米Microsoftは9月24日(現地時間)、チップ裏面の微細な溝に直接冷媒を流し込む冷却技術「Microfluidic Cooling(マイクロ流体冷却)」の実験に成功したと発表した。

マイクロ流体冷却は、熱源となるシリコンチップの裏面に人間の毛髪ほどの太さの微細な溝をエッチングし、液体の冷媒を直接流し込むことで冷却の効率化を図る技術。本技術ではAIを用いて個々のチップに固有の熱特性を識別し、個体に応じて最適なパターンの溝を形成する。冷却プレートによって上から物理的に押さえつけないため、熱を閉じ込めないこともメリットとしている。

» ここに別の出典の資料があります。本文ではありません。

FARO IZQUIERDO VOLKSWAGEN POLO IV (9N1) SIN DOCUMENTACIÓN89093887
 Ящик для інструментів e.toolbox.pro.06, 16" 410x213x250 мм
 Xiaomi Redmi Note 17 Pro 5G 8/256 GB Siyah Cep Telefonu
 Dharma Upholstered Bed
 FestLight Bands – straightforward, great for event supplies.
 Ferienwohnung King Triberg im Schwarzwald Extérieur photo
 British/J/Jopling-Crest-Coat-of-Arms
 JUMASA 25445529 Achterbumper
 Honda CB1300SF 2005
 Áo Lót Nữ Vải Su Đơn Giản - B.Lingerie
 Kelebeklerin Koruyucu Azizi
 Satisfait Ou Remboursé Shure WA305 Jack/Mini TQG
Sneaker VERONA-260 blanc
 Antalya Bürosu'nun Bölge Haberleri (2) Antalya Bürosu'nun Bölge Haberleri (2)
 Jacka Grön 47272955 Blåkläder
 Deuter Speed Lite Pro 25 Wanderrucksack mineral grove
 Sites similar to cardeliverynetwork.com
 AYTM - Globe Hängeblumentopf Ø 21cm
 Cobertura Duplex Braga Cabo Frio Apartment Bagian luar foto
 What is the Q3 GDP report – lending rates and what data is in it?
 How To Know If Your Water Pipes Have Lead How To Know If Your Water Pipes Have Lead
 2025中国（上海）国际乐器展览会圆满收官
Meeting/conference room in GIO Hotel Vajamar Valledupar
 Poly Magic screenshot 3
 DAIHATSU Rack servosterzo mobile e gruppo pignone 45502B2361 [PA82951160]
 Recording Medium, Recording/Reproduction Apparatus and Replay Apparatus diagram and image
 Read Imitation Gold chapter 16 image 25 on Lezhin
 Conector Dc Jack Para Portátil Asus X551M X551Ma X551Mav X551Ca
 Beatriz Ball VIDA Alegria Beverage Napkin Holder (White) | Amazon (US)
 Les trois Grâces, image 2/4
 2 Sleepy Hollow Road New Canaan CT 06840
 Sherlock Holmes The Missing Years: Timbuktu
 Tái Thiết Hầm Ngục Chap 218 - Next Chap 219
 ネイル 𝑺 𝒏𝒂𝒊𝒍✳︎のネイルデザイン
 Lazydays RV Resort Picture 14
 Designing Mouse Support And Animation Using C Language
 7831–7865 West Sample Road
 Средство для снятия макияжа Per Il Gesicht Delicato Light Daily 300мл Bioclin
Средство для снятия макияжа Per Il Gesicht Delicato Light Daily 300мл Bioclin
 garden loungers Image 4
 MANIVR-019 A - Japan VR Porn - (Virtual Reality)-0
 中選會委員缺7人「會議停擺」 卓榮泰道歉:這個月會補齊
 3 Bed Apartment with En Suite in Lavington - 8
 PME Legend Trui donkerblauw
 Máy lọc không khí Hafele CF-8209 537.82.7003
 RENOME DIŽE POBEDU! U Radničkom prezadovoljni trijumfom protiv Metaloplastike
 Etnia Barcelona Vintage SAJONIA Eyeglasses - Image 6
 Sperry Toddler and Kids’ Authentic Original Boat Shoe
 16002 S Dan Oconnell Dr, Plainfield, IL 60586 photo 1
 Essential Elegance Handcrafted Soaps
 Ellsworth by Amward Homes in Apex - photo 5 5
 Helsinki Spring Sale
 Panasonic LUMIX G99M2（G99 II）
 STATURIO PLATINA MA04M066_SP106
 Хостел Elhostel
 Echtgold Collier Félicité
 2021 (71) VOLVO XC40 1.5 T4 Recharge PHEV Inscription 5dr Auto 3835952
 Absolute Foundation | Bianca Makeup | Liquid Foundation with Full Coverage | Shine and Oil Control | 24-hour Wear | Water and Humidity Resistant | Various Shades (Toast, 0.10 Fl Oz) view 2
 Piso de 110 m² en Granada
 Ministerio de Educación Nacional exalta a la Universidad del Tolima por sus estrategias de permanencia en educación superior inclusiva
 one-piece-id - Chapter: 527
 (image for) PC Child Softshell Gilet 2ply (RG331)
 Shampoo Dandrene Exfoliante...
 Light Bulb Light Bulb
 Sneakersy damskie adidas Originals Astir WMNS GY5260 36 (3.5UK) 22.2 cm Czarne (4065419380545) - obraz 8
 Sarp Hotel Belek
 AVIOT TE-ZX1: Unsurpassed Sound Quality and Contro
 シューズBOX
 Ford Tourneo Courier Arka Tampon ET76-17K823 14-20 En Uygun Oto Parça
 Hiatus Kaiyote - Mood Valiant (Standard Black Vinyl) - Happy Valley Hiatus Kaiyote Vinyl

Microsoftの実験によれば、マイクロ流体冷却では従来の冷却プレート方式と比較して最大で3倍の除熱効果が得られ、GPU内のシリコンの最大温度上昇を65%低減できたという。冷却性能の向上によって、従来より電力密度の高いハードウェア設計が可能になるほか、電力利用効率の改善が見込める。ここではTeamsのさまざまなサービスで発生するワークロードやデータセンターにおけるAI処理を例に挙げ、運用コストの低減が期待できるとした。

Microfluidics(マイクロ流体工学)を用いた冷却技術の開発にはスイスのスタートアップ企業Corintisが協力しており、蝶の翅や葉脈の構造をヒントに実験を重ねたという。ニュースリリースでは、溝を形成する際の課題として、冷却液が滞りなく循環しつつ、シリコンが破損しない程度の深さを確保する必要があった点を挙げている。加えて、液漏れ防止パッケージの設計やエッチング方法の試験、チップの製造プロセスにエッチングを加える工程の開発も行なった。

今後は、将来の自社製チップにマイクロ流体冷却をどのように組み込むかの検討に入るとしている。また、自社のデータセンター全体でマイクロ流体工学の導入を進める。